5.      Verisign's claim that this is an attempt to regulate non-registry
        services is also untrue.  The contents of the DNS zone files for
        the top level .com and .net zones is very much a registry service.
        Placing stuff in there that does not serve the public trust for
        which those files are contracted is very much a non-registry service,
        and, such things don't belong in those zone files.  ICANN does not
        care what non-registry services Verisign wants to provide.  ICANN
        does care about damaging polution being added to the DNS namespace
        by the company entrusted as a registry to manage that namespace.
        ICANNs right to regulate that is anything but dubious, and, Verisigns
        claims that it is dubious are an obvious attempt to hijack this power
        for yet more abuse of their contract privileges.  The issues are
        not isolated, they are wide spread.
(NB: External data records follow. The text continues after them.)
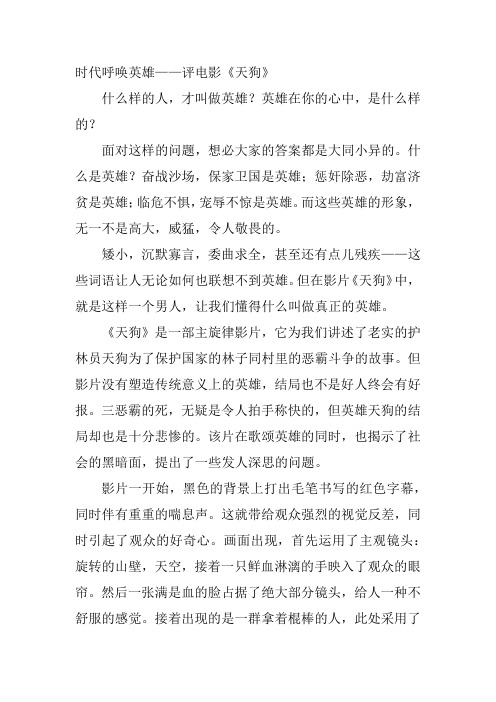 评电影《天狗》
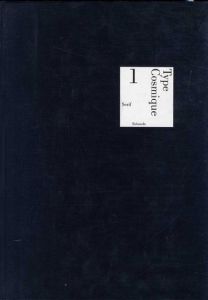 Type Cosmique Digital Type Collection 全2冊揃/組版工学研究会編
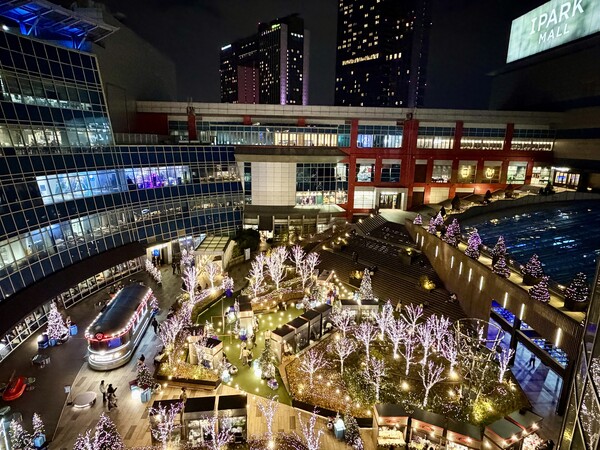 사진=아이파크몰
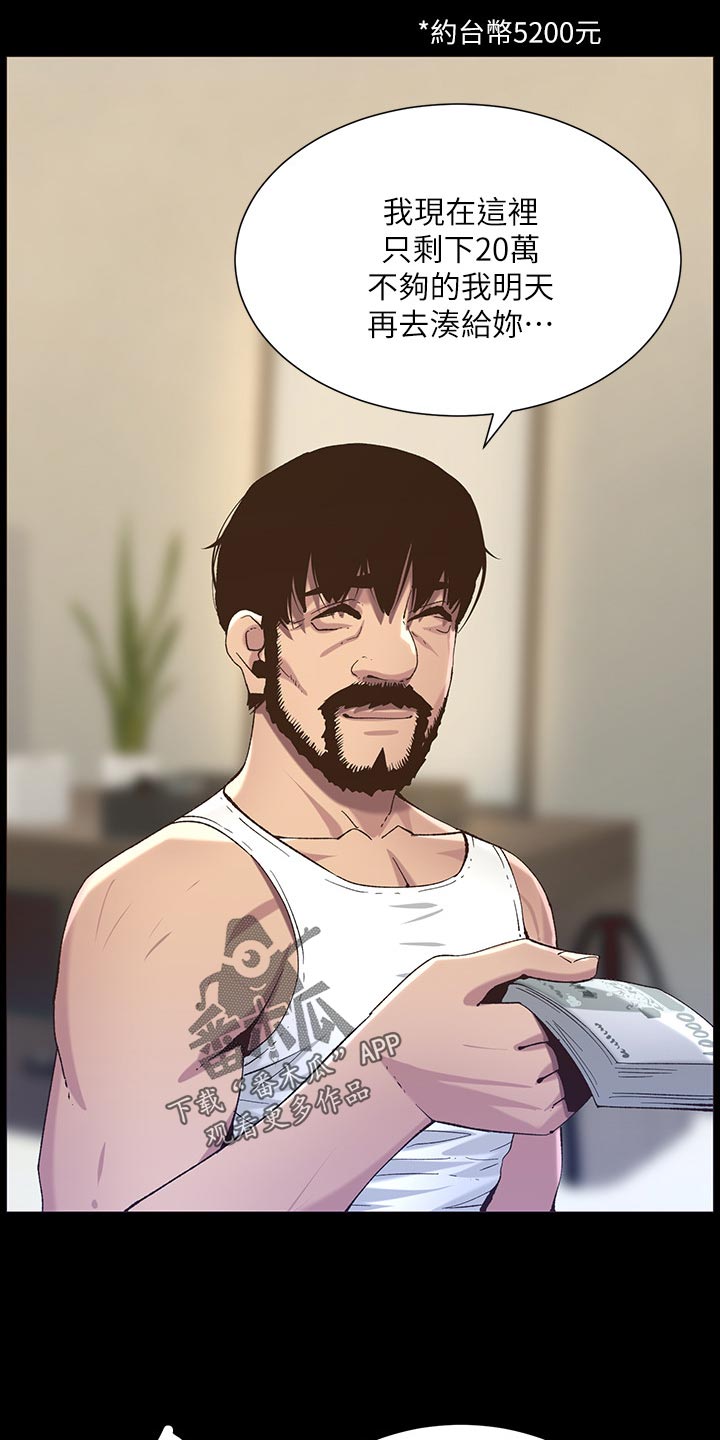 假爸爸漫画,第132章：没办法1图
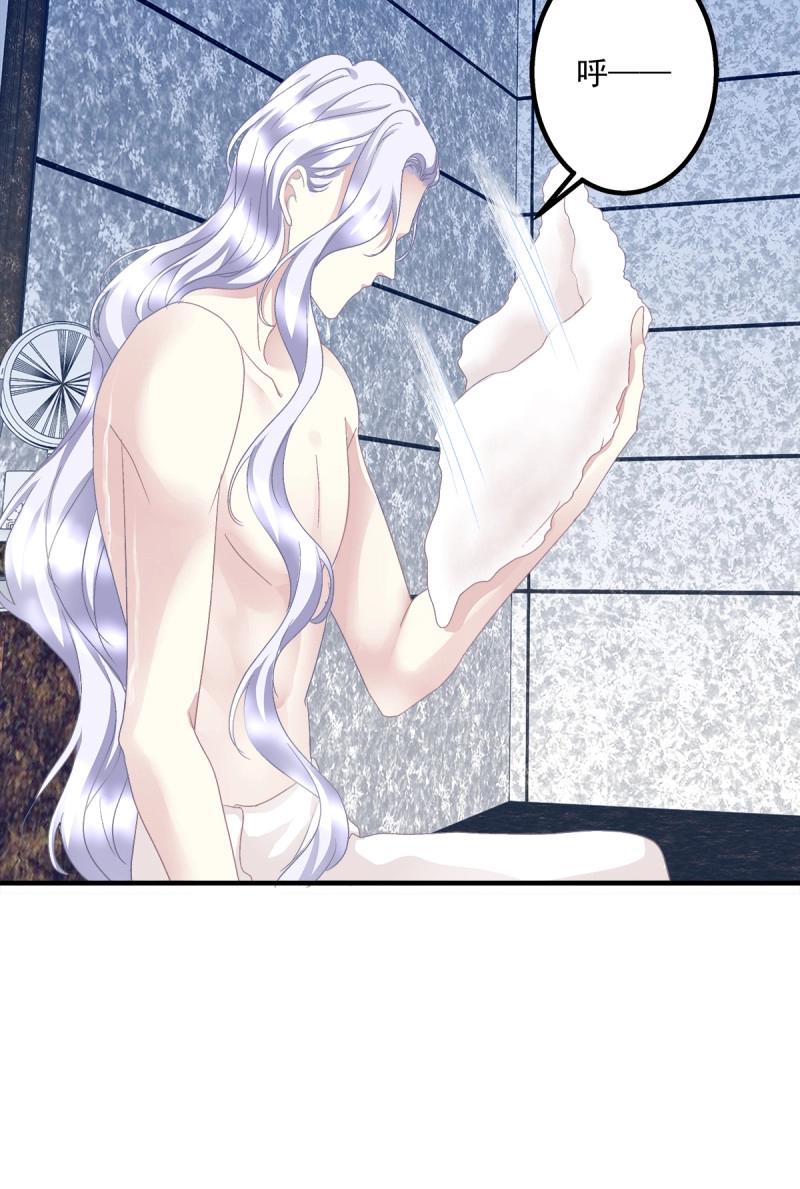 第17话 哥哥要怎么补偿我？！(1/2)-第59话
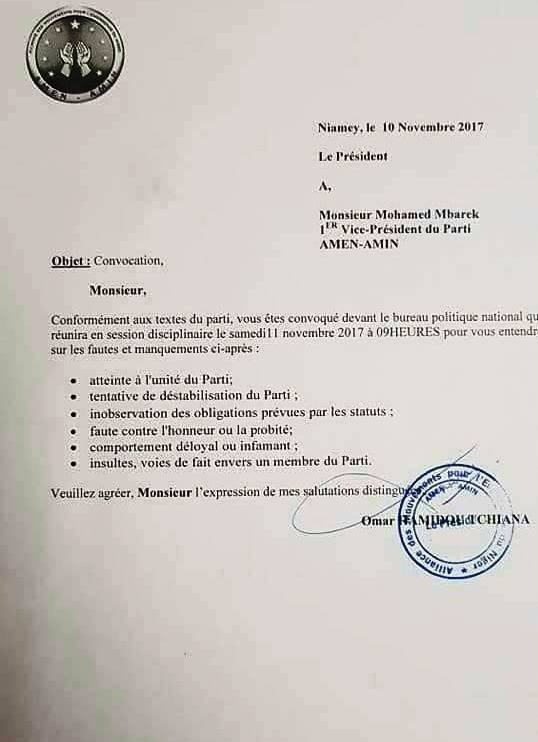 Lettre Tchiana a Mohamed Mbareck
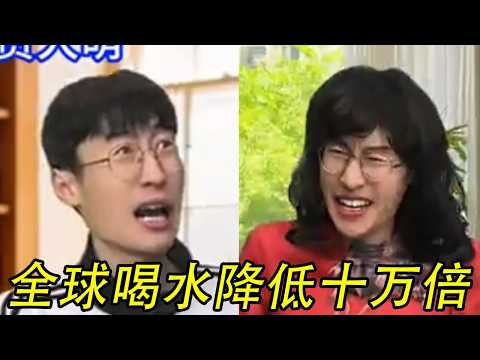 全球喝水能力降低100000倍而我不变#贾大萌 #搞笑 #一人分饰多角 thumbnail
In summary, I ask you to print an appropriate update to the facts of Mr.
McGuire's piece.  I ask you to check your facts and examine the situation
better in order to present a less biased approach to stories about the
internet in the future.  I realize that because the internet operational
community is so diverse it is hard to find a "spokesman".  I also understand
that it is easy to find the chosen spokesperson for Verisign.  However,
I believe that as reporters, especially for an institution like the
Washington Post, you have an obligation to put in the effort to find a
sampling of communities that have no designated spokespeople so that
you can get their side of the story as well.  In short, I don't think
Mr. McGuire's biases in this article are the result of malice, but, I
think they demonstrate a certain amount of laziness and nonfeasance of
his journalistic responsibilities.

Sincerely,

Owen DeLong
owen () delong com

P.S.  The other email address I sent this to is a list which contains some
portion of the North American Operations community.  It might be a good
resource for further comment/investigation on these issues.